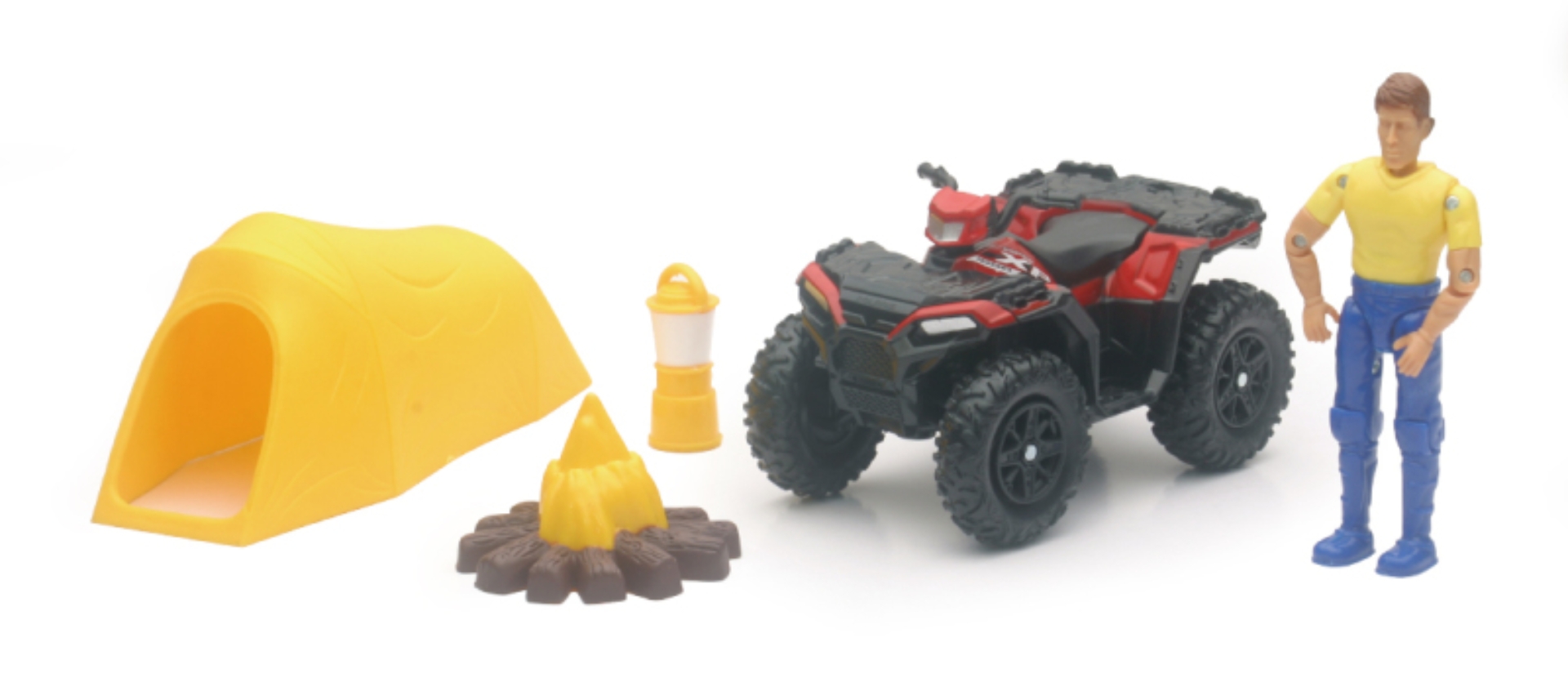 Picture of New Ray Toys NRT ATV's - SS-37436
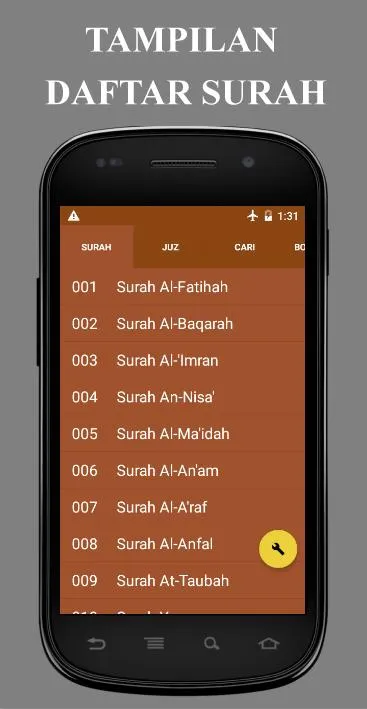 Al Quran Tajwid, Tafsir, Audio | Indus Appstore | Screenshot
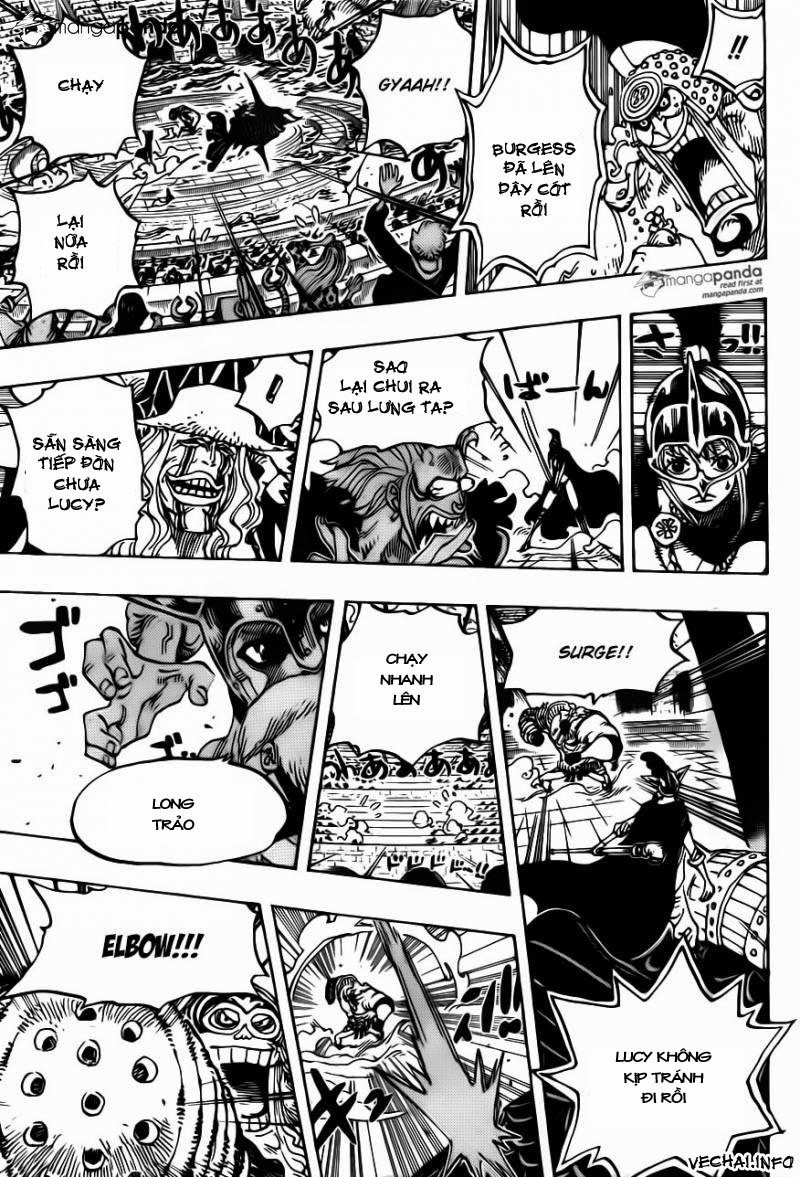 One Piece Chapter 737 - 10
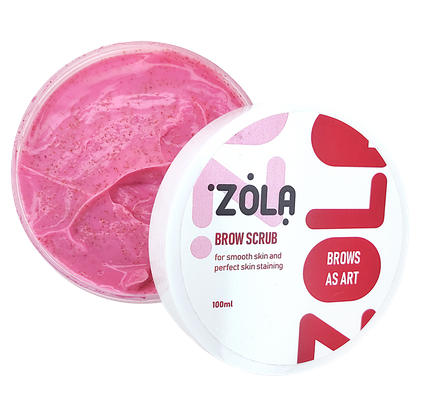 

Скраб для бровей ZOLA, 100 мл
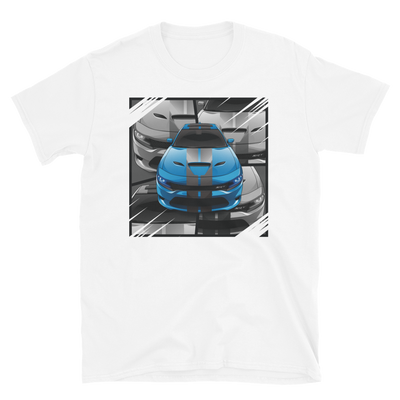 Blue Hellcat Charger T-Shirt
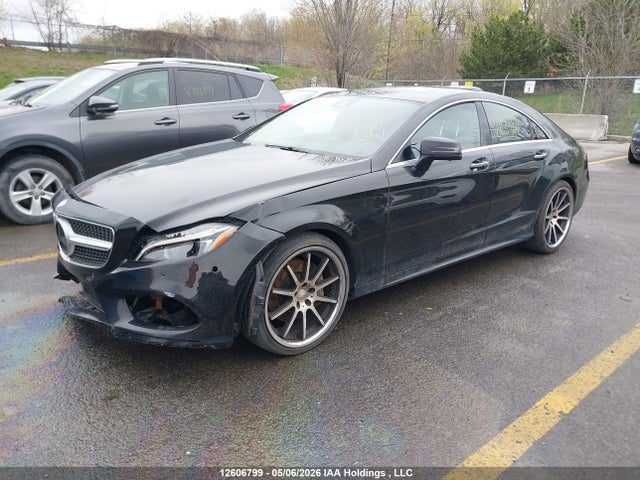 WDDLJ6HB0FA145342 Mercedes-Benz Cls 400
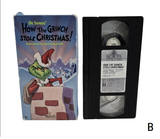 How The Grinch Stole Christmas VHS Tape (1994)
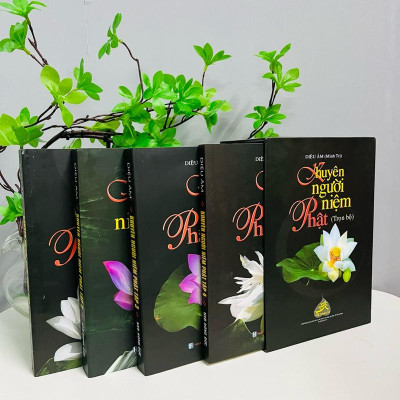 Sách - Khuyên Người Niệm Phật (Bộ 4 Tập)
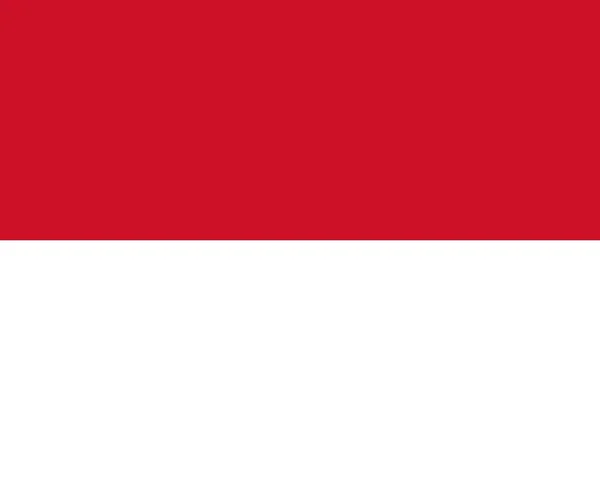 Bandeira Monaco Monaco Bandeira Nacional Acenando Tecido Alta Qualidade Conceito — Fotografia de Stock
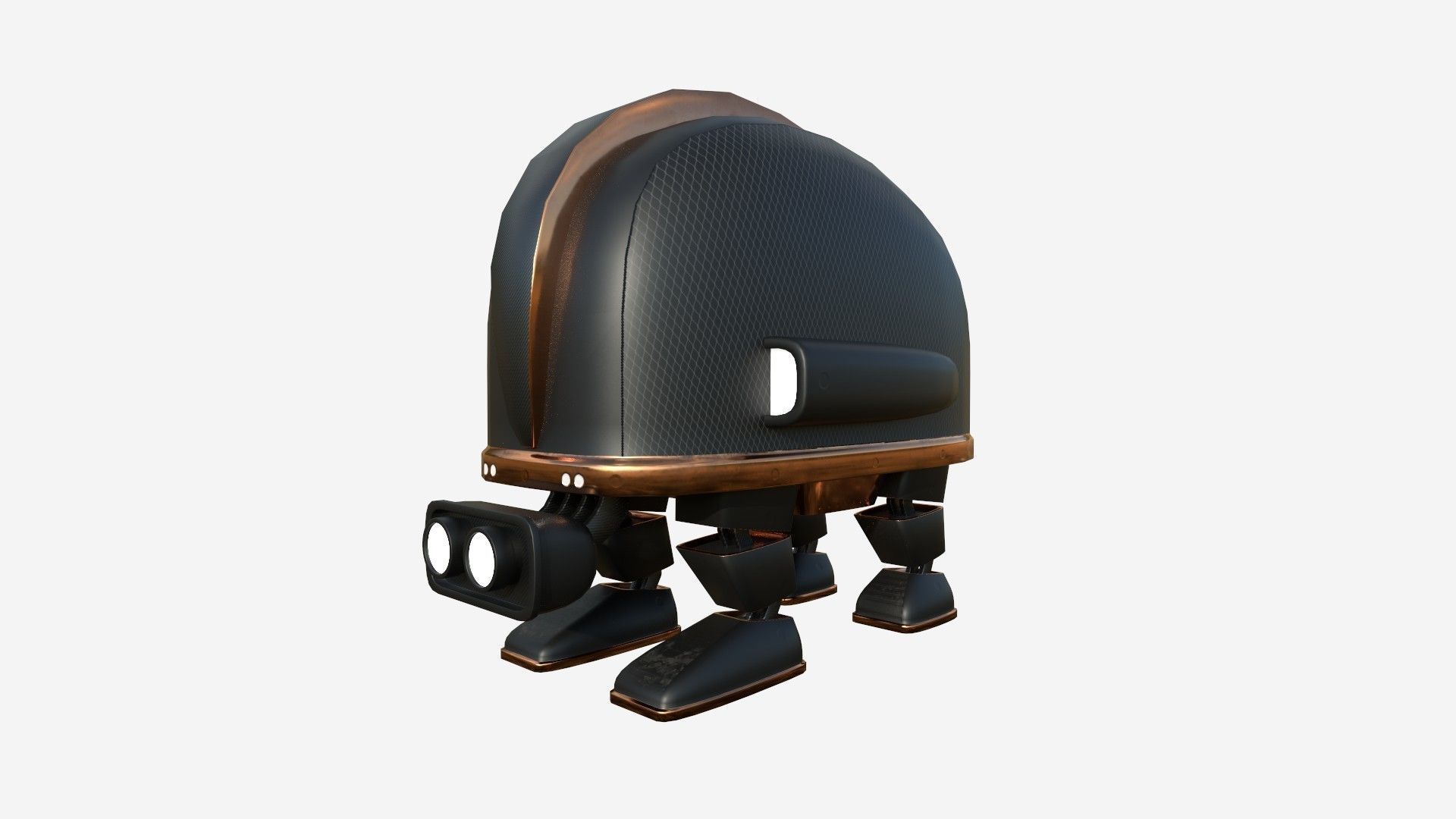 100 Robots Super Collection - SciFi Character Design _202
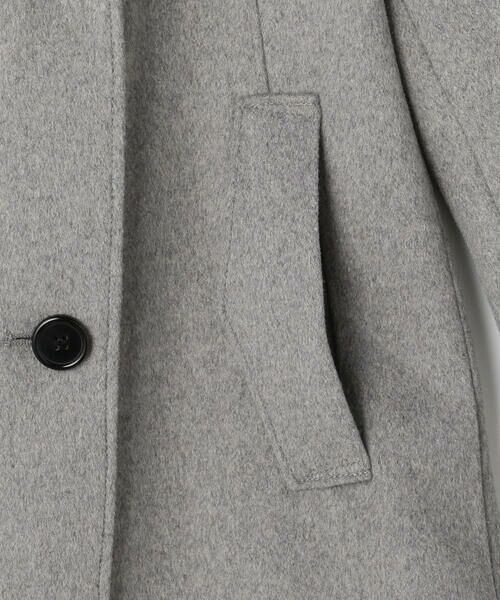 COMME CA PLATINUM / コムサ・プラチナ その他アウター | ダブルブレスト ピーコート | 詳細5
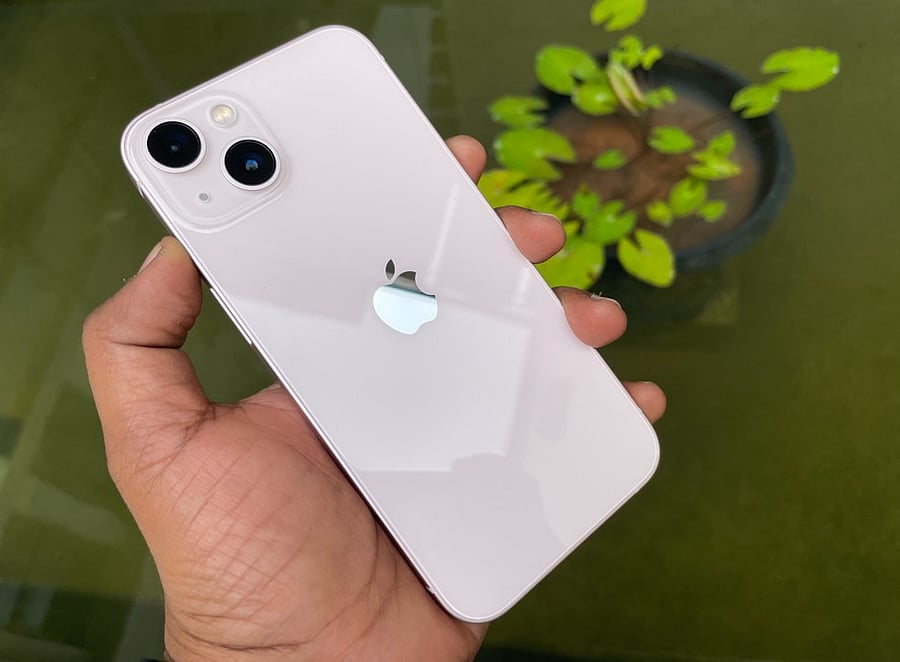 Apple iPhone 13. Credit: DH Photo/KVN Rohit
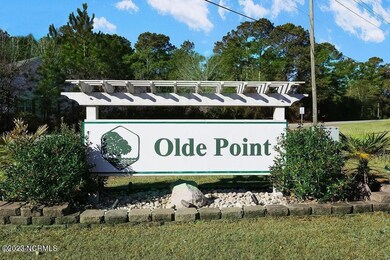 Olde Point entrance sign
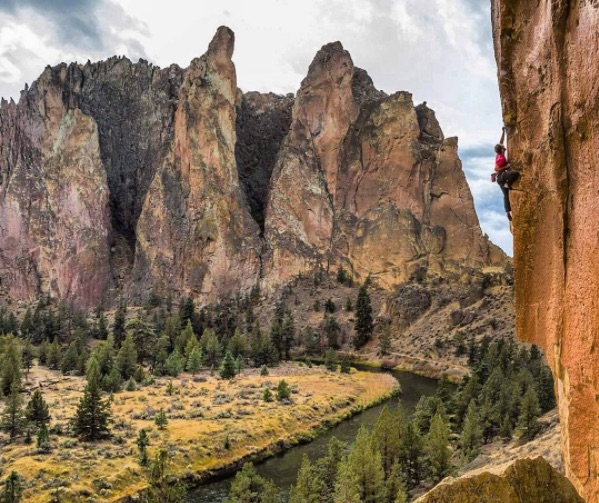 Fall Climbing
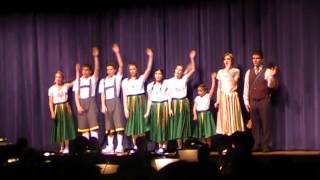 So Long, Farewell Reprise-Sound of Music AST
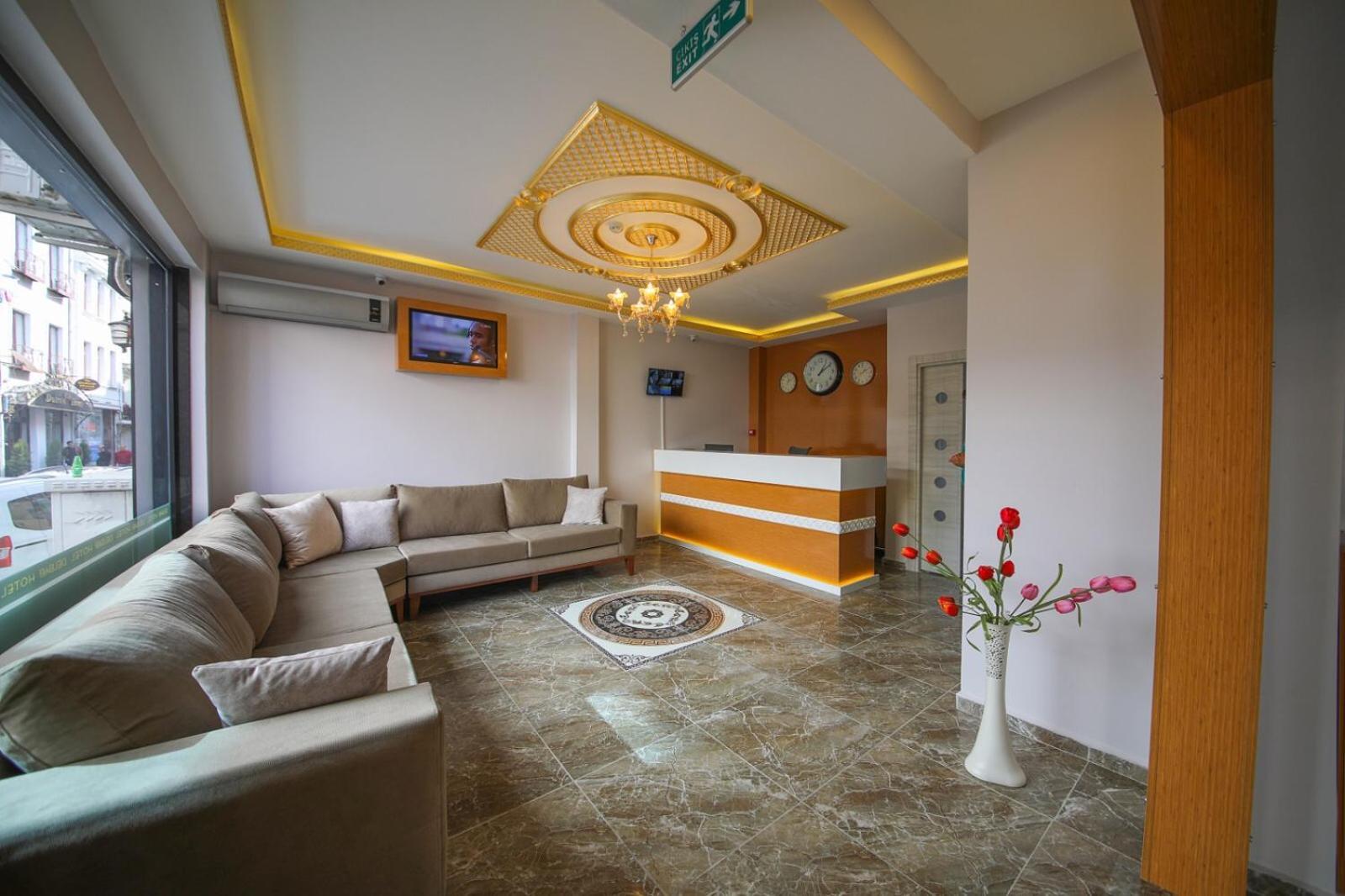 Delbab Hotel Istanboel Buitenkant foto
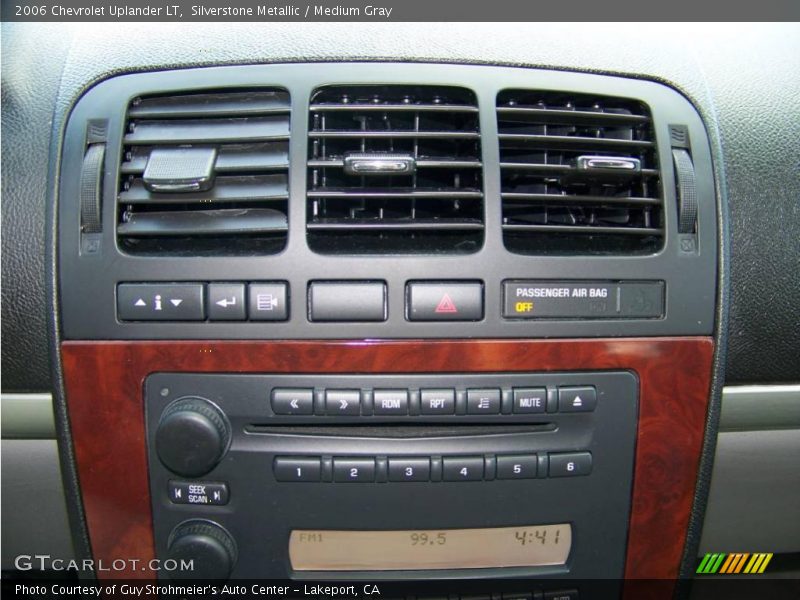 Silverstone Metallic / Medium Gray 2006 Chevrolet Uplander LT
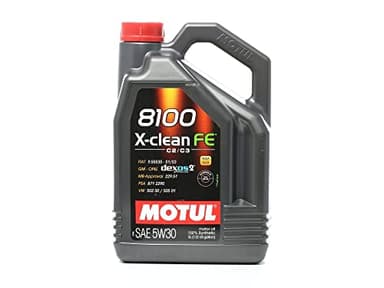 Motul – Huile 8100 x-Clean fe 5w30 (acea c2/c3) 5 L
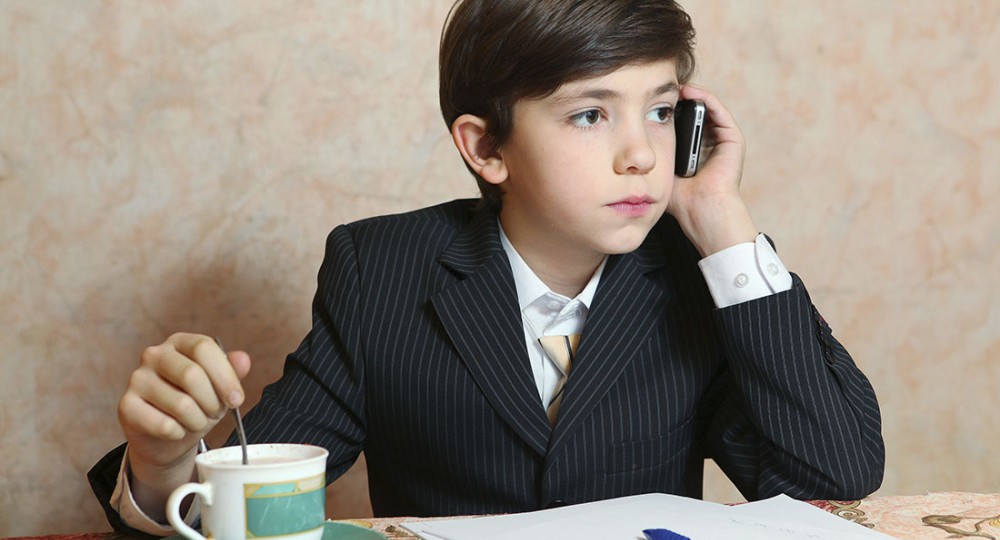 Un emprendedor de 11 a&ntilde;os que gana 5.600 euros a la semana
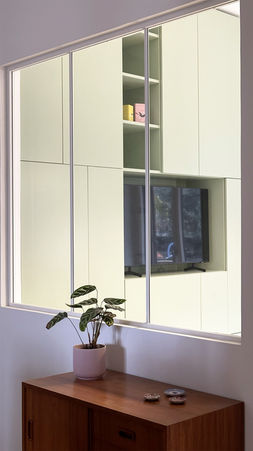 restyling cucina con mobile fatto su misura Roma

*EXERCISE INSTRUCTIONS*: Set down the records above word for word, from the first line through the line containing "How The Grinch", both included; leave out the pictures.

*OUTPUT OF THE EXERCISE*:
 Picture of New Ray Toys NRT ATV's - SS-37436
 Al Quran Tajwid, Tafsir, Audio | Indus Appstore | Screenshot
 One Piece Chapter 737 - 10

Скраб для бровей ZOLA, 100 мл
 Blue Hellcat Charger T-Shirt
 WDDLJ6HB0FA145342 Mercedes-Benz Cls 400
 How The Grinch Stole Christmas VHS Tape (1994)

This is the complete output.